The fans of modern and agile software development usually propose to use schemaless database engines to allow for greater flexibility, in particular during the early rapid prototyping phase of IT projects. The more traditionally minded insist that having a strict schema that is enforced by the persistence layer throughout the lifetime of a project is necessary to ensure quality and security.
In this post I would like to explain briefly, why I believe that both groups are completely right and why this is not so paradoxical as it sounds at first glance. I am one of the developers of ArangoDB, which is a multi-model NoSQL database, by which I mean an engine that is a document store, a key/value store as well as a graph database with a query language that allows to use and indeed mix all three data models in queries.
As a document store, ArangoDB is schemaless, which is usually very convenient in the beginning of a software project, where the actual schema is not yet completely clear and subject to frequent changes. Obviously, at any given time in a project, the developers actually have a concrete schema in mind, the only problem is, that it undergoes frequent changes, in particular when using a more agile software development style. With a schemaless database one can tackle these changes in many different ways:
- one can migrate (or indeed erase) the data for every change
- one can make the application client code aware of multiple versions of the schema and teach it to work well with different document types
- one can migrate the data lazily with each update or replacement of a document.
None of these approaches is “right” or “wrong“, but different approaches might be the best in different situations.
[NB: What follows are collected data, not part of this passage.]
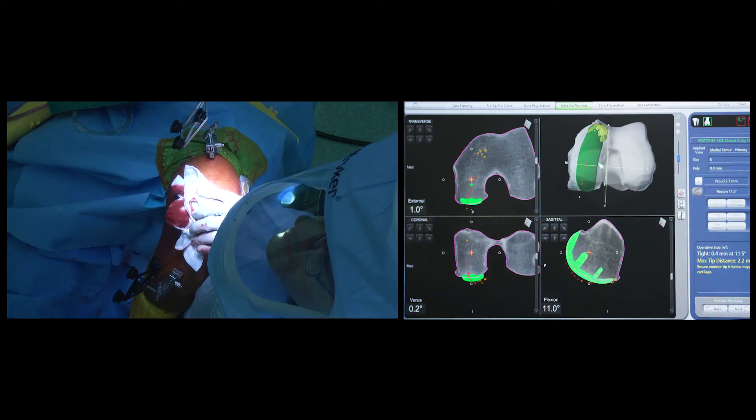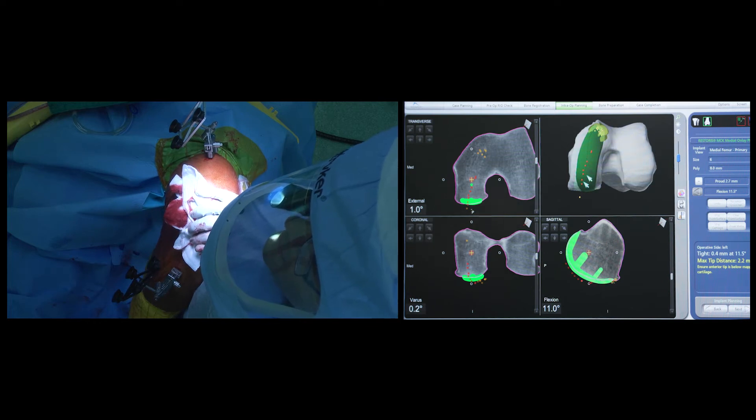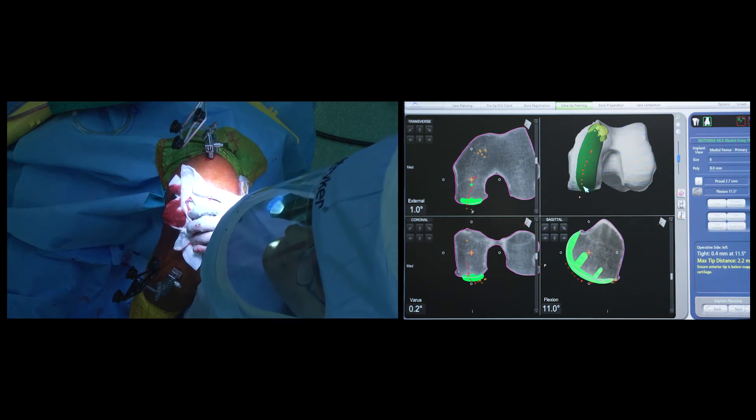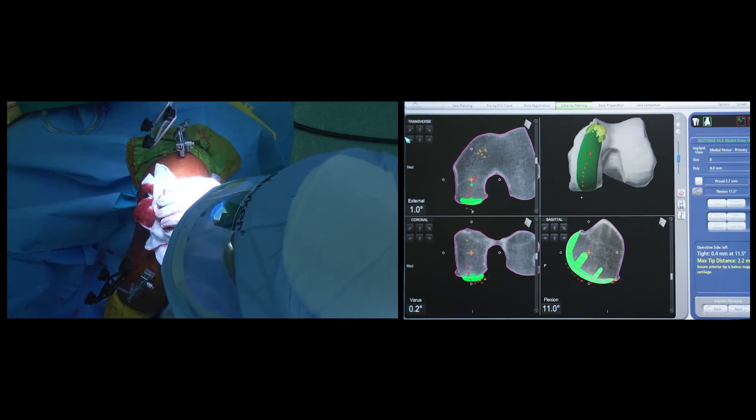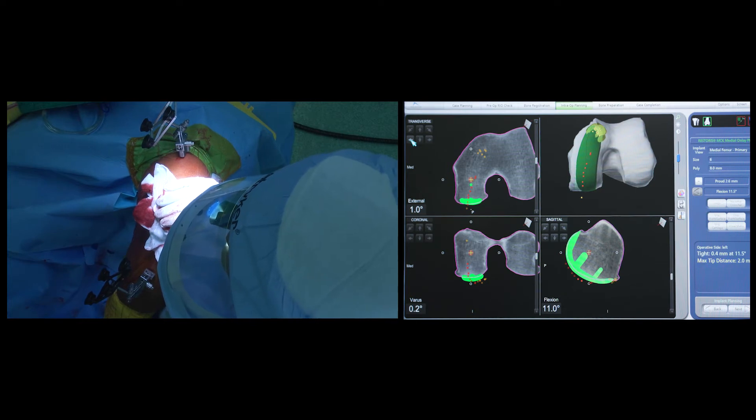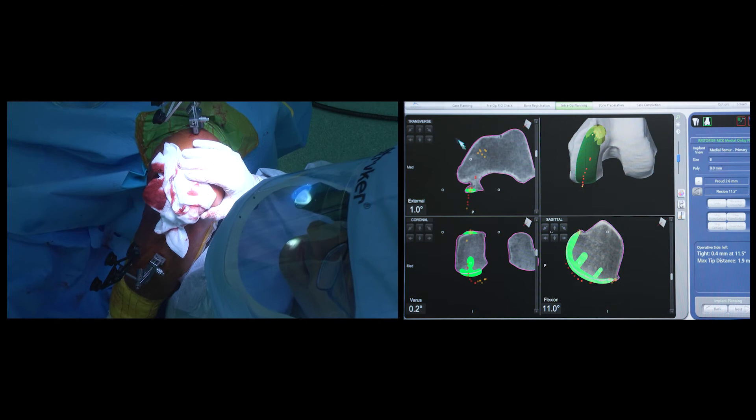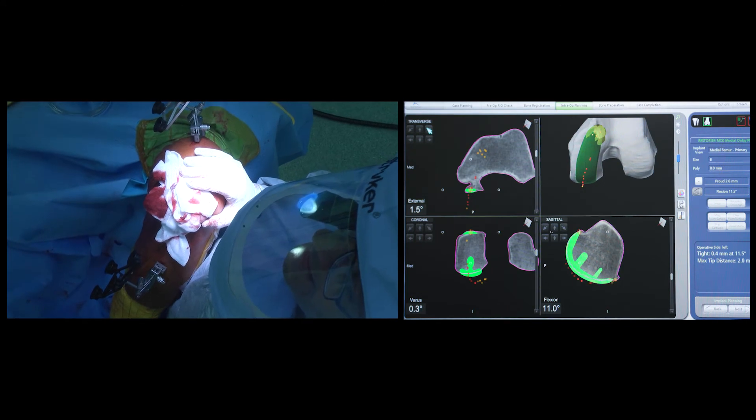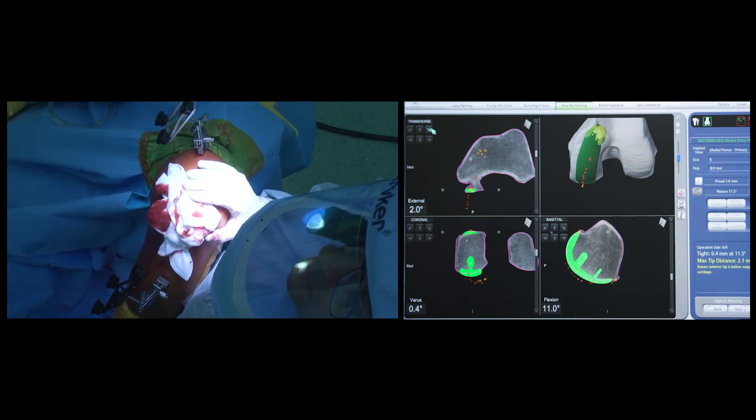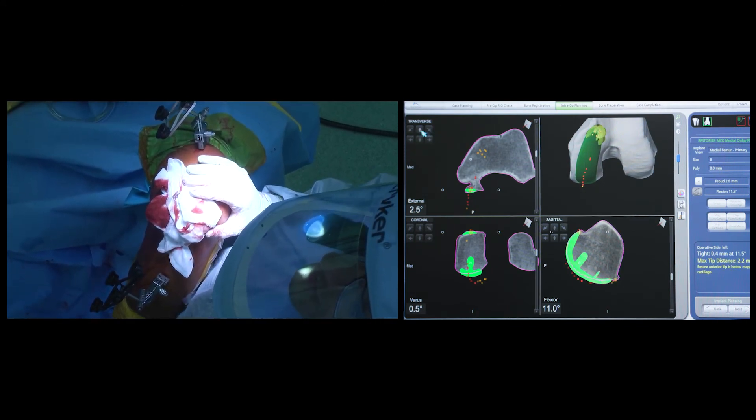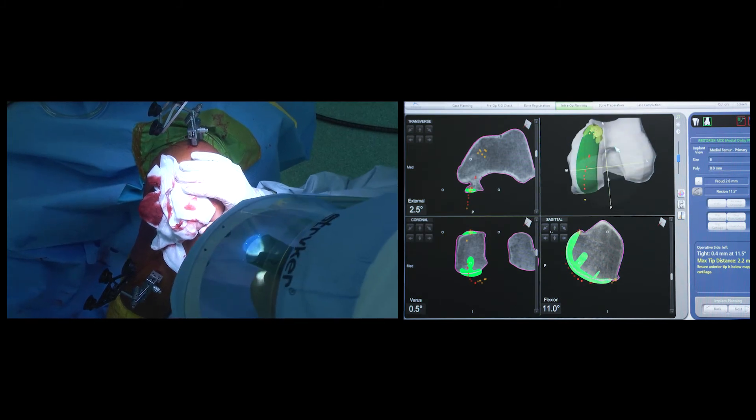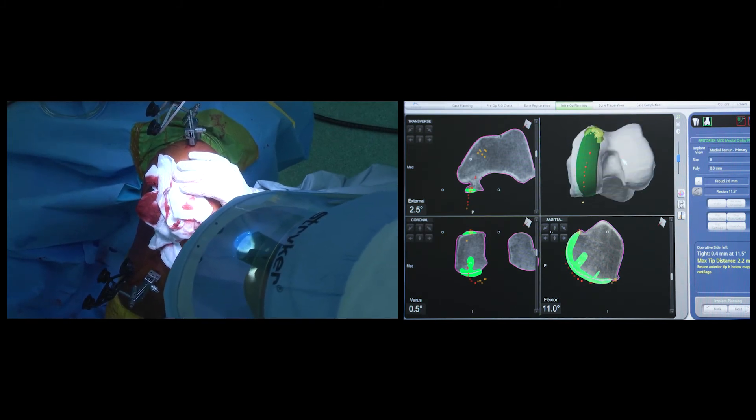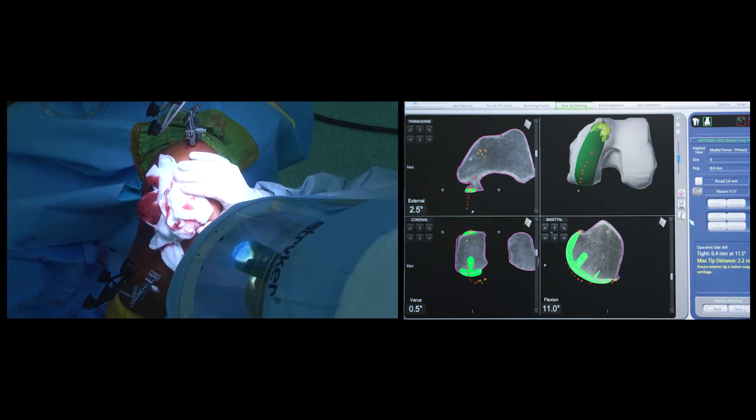Here, as can be seen, in flexion the red dots are slightly too medial and in extension the red dots are slightly too lateral, and hence I move my femoral component more medially and slightly externally rotated to achieve a more ideal tracking in this scenario.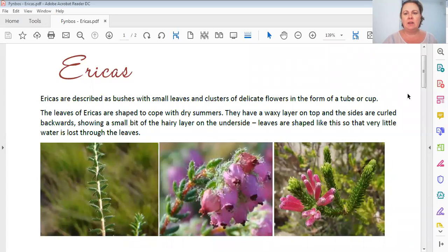Welcome back to Feinboss. Now we're going to look at our Erica lesson. Ericas are actually a short lesson because Ericas are such a huge family that if I really have to go into detail, it will take us forever. So I'm just doing a short lesson just to give you the basics. I'm going to share my screen so you can also have a look at the lesson.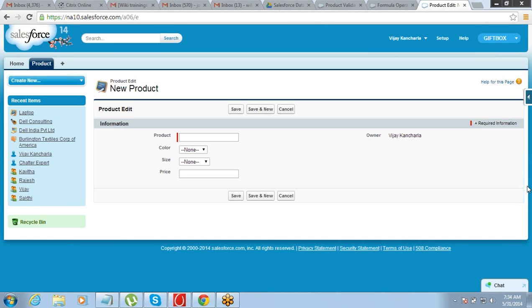There is one question from Vijay: will this formula be applied on new records only or on existing ones as well? The formula will be applicable on all the records which are there in the object — so existing ones too, because the field is being added for all the records.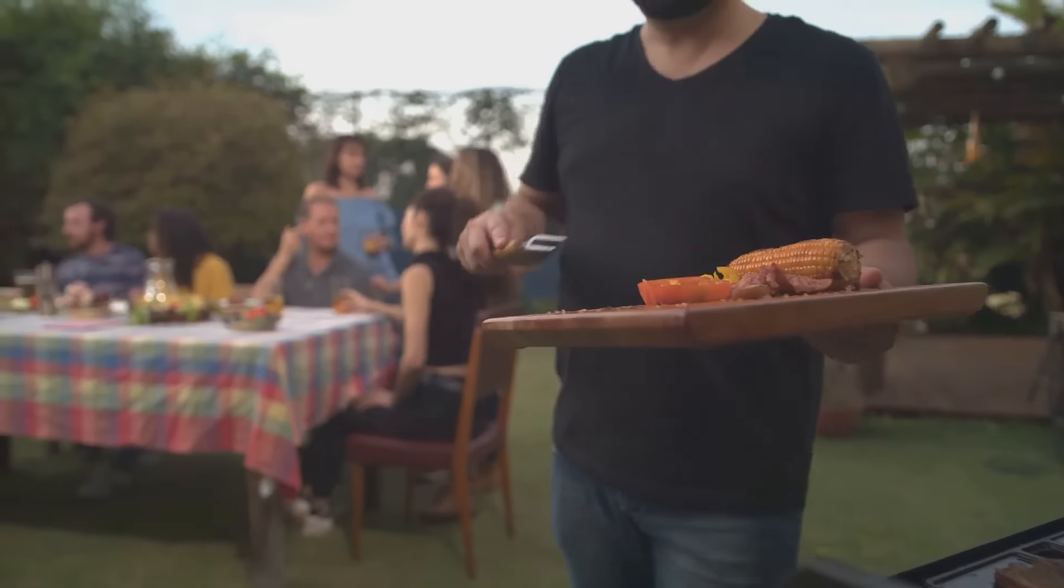First up, social media is your best friend. Snap mouth-watering pics of your BBQ and post them. Hashtags like #BBQlove and #grillmaster will get you noticed.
Later in the development cycle of most applications the schema becomes more and more fixed and undergoes less changes. In these later phases the classical arguments for schema validation apply again and often security and stability concerns counter flexibility arguments.
In the end, when one has customized the whole API for the app, one can even switch off the standard database API, which further increases security and cleanliness. With this final step one has arrived at a software architecture that implements data-centric microservices in an application-specific way directly in the database server, which is good against bugs, good for performance (complex queries can be run close to the data), good for the simplicity of the application design and good for maintainability. Even the devops like this because the microservices can be deployed and updated independently.